The Living Constitution, by David A. Strauss, Oxford University Press, 150 pages, $21.95

The Will of the People: How Public Opinion Has Influenced the Supreme Court and Shaped the Meaning of the Constitution, by Barry Friedman, Farrar, Straus and Giroux, 614 pages, $35.00

Everybody knows the Supreme Court is powerful and important, but why should it be? The nine justices on the Court are not elected to their positions, are not accountable to the public, and can keep on serving and making decisions long after the president who appointed them has retired. What explains the role of the Court in our society, and what justifies its power?

Two new books address these questions, but in different ways. The first, David Strauss' The Living Constitution, is a succinct attack on "originalism." This is the idea (or ideology) that the duty of judges, in a constitutional case, is to try to ferret out what the Constitution meant to the people who drafted it, at the time that they drafted it, and absolutely nothing more.
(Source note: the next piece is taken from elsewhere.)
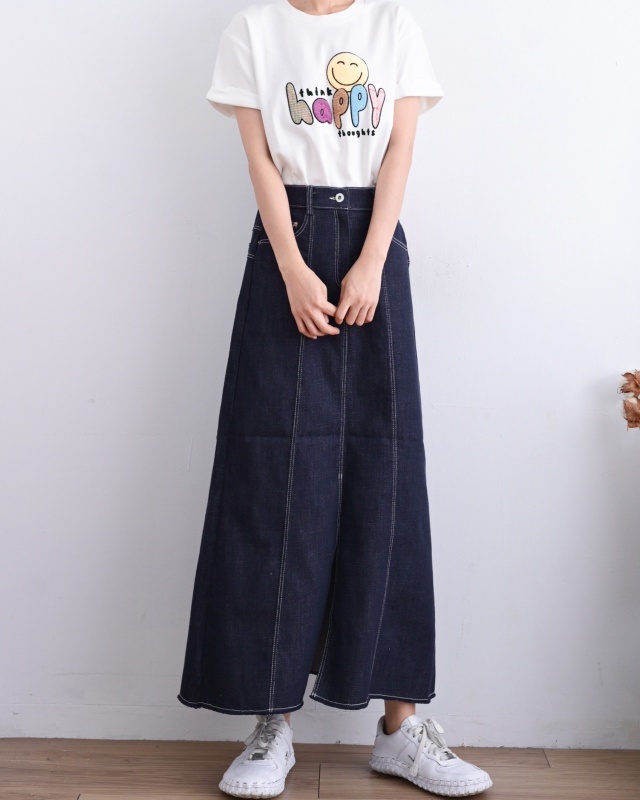 韓 黑皮笑臉上衣 3色 size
You can make a theoretical case for originalism, but you cannot make a practical case. For one thing, it is not so easy to divine what the Constitution meant when it was written. For another, a true originalist (if there are any) would have to dump overboard almost all of modern constitutional law, including Brown v. Board of Education, all of the decisions on sex discrimination, all the decisions about the right to privacy, and just about everything else in the canon. There is no way to deduce most of the modern rulings on human rights or the powers of Congress or the states from the words of the text as it was understood in the late 18th century (or as the 14th Amendment was understood in the 1860s).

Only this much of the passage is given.